> _WORK REQUEST_: Beneath this sentence is a listing. Return its lines from the one containing "Repair (Boston Review) - Ed Pavlic" through the last, exactly, and omit the pictures.

> _SUPPLIED ENTRIES_:
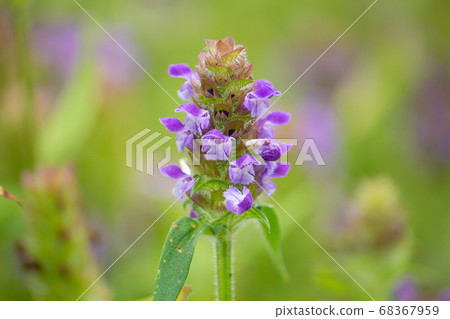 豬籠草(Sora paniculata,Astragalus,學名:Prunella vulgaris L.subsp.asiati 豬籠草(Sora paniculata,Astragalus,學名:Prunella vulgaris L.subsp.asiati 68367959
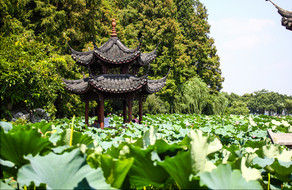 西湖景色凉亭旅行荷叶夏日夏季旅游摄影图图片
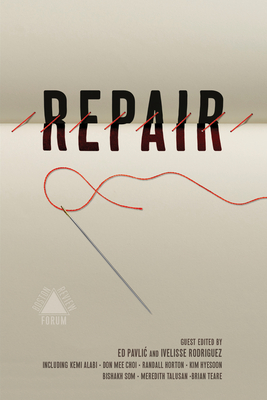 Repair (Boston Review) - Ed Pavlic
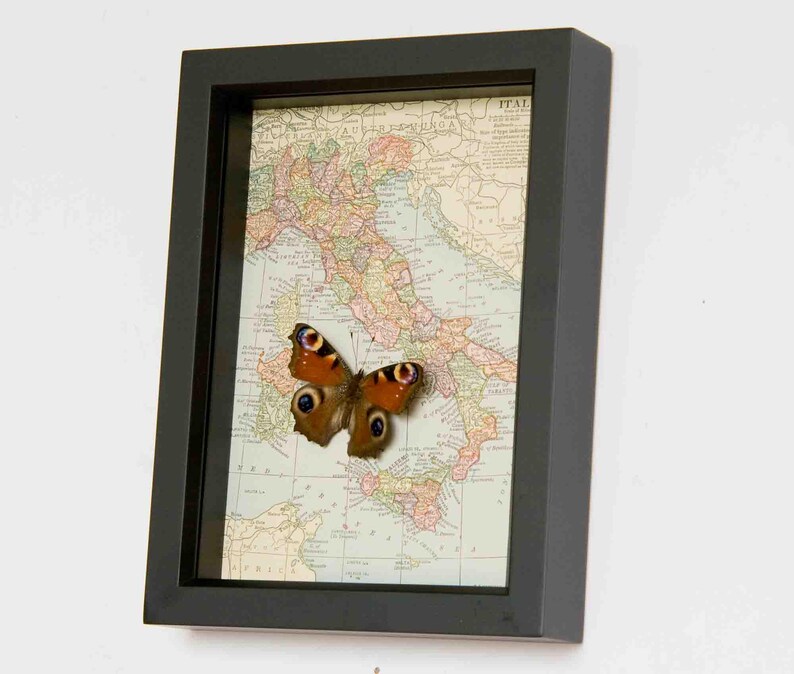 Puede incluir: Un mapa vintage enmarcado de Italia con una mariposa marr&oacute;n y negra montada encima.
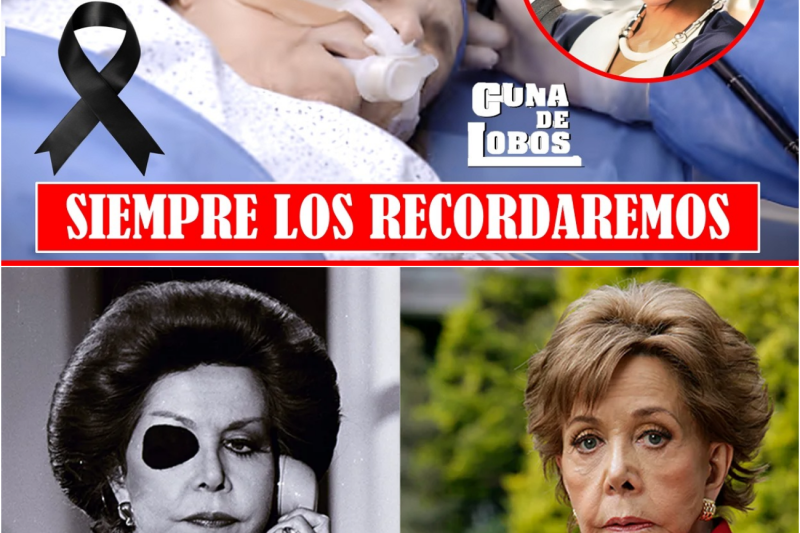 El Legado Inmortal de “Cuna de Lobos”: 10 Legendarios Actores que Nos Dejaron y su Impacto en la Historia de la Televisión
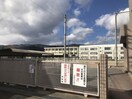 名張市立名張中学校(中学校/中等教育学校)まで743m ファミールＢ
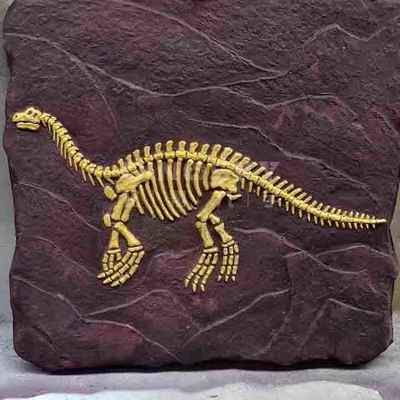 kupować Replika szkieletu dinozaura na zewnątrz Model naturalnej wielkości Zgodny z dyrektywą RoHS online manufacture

> _SOLVED EXERCISE_:
 Repair (Boston Review) - Ed Pavlic
 Puede incluir: Un mapa vintage enmarcado de Italia con una mariposa marr&oacute;n y negra montada encima.
 El Legado Inmortal de “Cuna de Lobos”: 10 Legendarios Actores que Nos Dejaron y su Impacto en la Historia de la Televisión
 名張市立名張中学校(中学校/中等教育学校)まで743m ファミールＢ
 kupować Replika szkieletu dinozaura na zewnątrz Model naturalnej wielkości Zgodny z dyrektywą RoHS online manufacture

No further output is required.